Member of State Great Khural
- Incumbent
- Assumed office 13 December 2012

Minister of Environment and Tourism
- In office 8 July 2020 – 21 January 2021
- President: Khaltmaagiin Battulga
- Prime Minister: Ukhnaagiin Khürelsükh

Minister of Health
- In office 4 October 2017 – 8 July 2020
- President: Khaltmaagiin Battulga
- Prime Minister: Ukhnaagiin Khürelsükh

Personal details
- Born: 1963 (age 62–63) Mongolian People's Republic
- Party: Mongolian People's Revolutionary Party

= Davaajantsangiin Sarangerel =

Mongolian politician

Davaajantsangiin Sarangerel (Даваажанцангийн Сарангэрэл) (born 1963) is a former photographer, journalist and the current Member of State Great Khural and Minister of Environment and Tourism in U.Khürelsükh's Second Cabinet. She served as Minister of Health in U.Khürelsükh's First Cabinet.

== Biography ==
Sarangerel was born in Ulaanbaatar in 1963. After finishing her schooling in 1979, she went to Russia to study photography at the Omsk State University (1983). For two years, she worked with the Montsame news agency as a photographer, before receiving her degree in journalism from the Rostov University in 1990.

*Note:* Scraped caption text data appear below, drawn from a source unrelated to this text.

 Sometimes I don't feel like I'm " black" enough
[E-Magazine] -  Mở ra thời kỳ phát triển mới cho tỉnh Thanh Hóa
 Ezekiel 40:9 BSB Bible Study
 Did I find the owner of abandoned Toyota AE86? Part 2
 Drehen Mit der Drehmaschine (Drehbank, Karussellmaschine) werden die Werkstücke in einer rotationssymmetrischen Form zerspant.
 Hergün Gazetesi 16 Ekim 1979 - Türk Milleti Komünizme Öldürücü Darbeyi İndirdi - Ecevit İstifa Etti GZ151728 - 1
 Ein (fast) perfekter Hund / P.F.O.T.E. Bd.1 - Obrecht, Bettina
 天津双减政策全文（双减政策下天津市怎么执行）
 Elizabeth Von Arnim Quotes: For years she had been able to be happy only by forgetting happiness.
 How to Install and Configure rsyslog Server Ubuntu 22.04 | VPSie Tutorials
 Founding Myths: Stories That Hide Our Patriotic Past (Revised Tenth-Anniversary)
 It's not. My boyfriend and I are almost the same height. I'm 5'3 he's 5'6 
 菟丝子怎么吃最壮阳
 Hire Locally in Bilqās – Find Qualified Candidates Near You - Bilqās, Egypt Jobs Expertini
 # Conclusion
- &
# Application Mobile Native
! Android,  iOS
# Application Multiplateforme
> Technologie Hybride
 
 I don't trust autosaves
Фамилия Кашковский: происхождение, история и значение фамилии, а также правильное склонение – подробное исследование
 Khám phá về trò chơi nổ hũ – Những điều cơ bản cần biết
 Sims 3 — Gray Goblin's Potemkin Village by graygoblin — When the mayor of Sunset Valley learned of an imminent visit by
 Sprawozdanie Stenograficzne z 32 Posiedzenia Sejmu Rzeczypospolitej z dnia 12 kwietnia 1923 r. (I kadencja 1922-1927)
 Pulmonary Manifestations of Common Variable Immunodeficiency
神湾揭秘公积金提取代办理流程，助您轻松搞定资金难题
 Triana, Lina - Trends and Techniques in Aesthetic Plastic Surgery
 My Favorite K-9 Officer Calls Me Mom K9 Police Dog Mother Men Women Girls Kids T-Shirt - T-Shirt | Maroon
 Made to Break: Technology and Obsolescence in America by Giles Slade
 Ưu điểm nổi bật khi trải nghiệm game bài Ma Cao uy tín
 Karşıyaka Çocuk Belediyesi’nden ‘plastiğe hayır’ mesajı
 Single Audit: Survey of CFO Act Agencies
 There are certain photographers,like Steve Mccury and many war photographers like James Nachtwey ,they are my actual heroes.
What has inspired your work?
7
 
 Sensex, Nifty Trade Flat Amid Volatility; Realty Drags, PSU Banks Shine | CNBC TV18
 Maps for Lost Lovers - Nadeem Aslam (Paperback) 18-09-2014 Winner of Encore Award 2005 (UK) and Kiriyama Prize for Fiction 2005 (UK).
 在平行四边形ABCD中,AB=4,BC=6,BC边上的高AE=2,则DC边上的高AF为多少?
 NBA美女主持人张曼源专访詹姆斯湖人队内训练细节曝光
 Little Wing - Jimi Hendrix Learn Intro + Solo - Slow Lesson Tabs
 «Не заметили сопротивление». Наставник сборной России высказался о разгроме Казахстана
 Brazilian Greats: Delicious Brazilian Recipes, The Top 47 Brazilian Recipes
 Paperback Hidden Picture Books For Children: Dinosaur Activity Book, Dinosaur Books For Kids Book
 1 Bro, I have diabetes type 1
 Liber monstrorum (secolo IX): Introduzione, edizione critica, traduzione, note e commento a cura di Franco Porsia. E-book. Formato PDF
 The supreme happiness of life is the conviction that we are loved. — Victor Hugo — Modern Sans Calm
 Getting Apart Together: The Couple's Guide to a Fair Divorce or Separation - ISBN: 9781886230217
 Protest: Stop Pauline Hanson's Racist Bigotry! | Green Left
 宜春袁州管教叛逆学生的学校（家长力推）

Sarangerel pursued a career in journalism and in 1990 became a correspondent for the Mongolian state broadcaster, where she later became its editor-in-chief. During 1995–99, she served as the director of Mongolia's national news agency. Later, Sarangerel joined TV5 in 2003 and worked as its general director from 2003 to 2005. She has been elected the chair of United Confederation of Mongolian Journalists twice.

A member of the Mongolian People's Party, Sarangerel was elected to the State Great Khural for the first time in 2012 and after her reelection four years later was made the Health Minister in Ukhnaagiin Khürelsükh's cabinet (2017).